The murder retrial of Scher opened Tuesday with 12 witnesses that already testified against him once before.

Prosecutor Patrick Blessington characterized Scher as a duplicitous, selfish man who would do anything to get what he wanted, namely the wife of his good friend, Martin Dillon.

The case Blessington laid out in his opening statement was reminiscent of the one delivered a decade ago. And why not? It worked in 1997, when Scher was convicted of Dillon’s 1976 murder.

A new trial was ordered in 2004.

Joshua Lock, Scher’s attorney, told the jury they would hear extensive evidence of the affair between Scher and Patricia Dillon, whom Scher later married.

But the forensic evidence on the shooting, Lock said, would prove inconclusive.

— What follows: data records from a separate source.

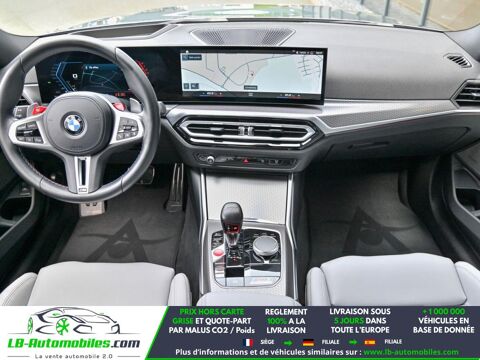 M3 xDrive 510 ch BVA 2023 occasion 31850 Beaupuy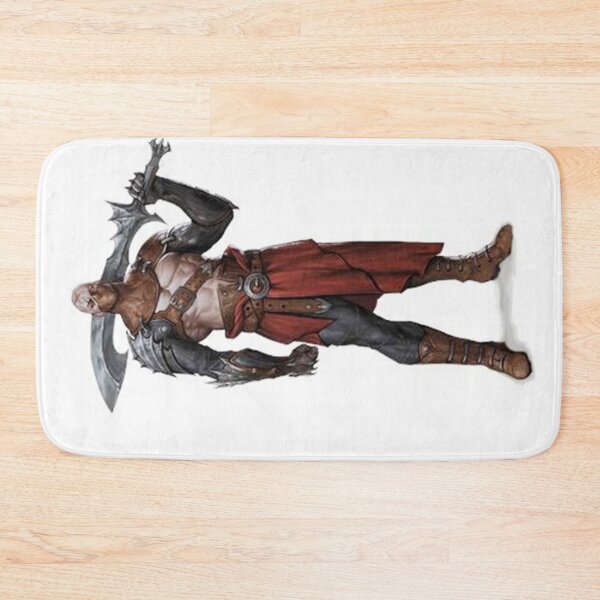 Item preview, 3D GAMES AND ANIMES designed and sold by LUK0arts.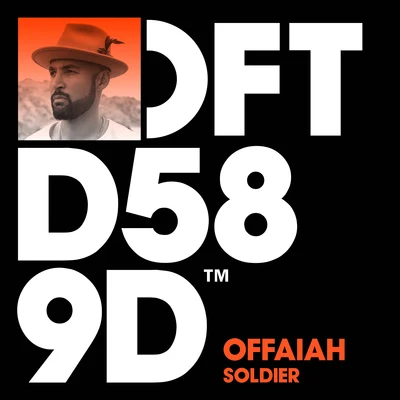 OFFAIAH Soldier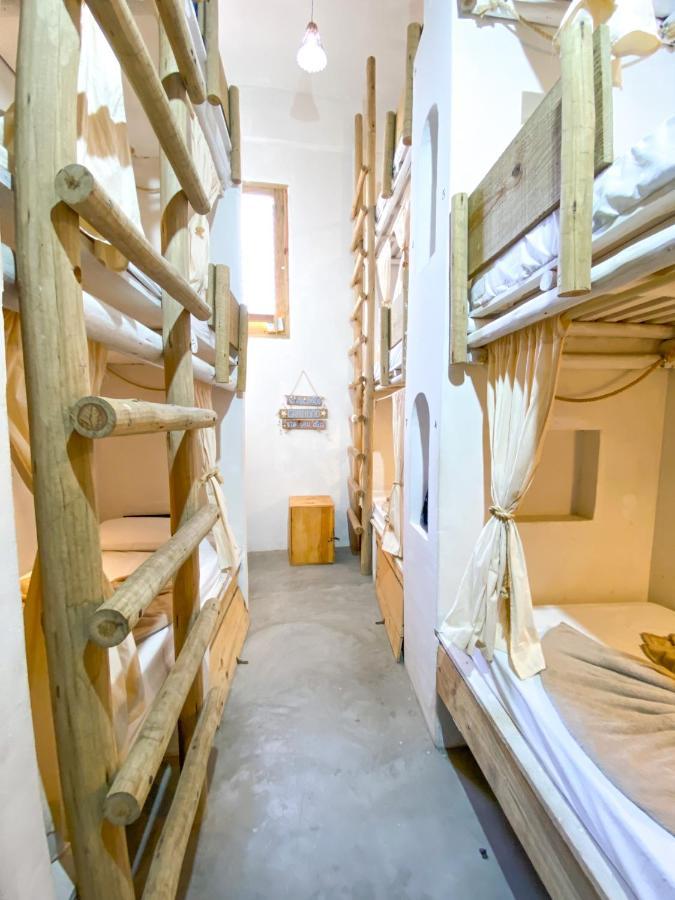 Hostel Villa Cacau Транкозу Екстер'єр фото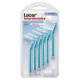 LACER CEPILLO INTERDENTAL CONICO ANGULAR 6 UNIDADES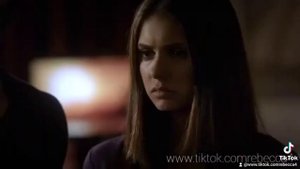 Элайджа пришёл за Еленой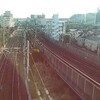 すれ違い…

Lock spent a long time detailing the prosecution’s witnesses, nearly bogging down his own points about the case. But he stressed the matter of premeditation, and he said any role Scher played in Dillon’s death was not intentional. If the murder was premeditated, Lock argued, why would he flaunt the affair?

Scher also would have engineered a better cover-up than the story he concocted, Lock said. For years, Scher said Dillon tripped while chasing a porcupine and shot himself.

Blessington emphasized what he called Scher’s history of lies, from the murder-scene cover-up to his testimony in the first trial, when Scher said a shotgun fired accidentally during a struggle.

Blessington said that, too, was a lie to hide that Scher took aim and fired into his friend’s heart.

“It was a stage show written, directed and produced by that defendant,” he said.

Lock said Scher’s lies were evidence of fear, not guilt. He said any animosity between Scher and Dillon was mutual, and alcohol may have played a role in the shooting.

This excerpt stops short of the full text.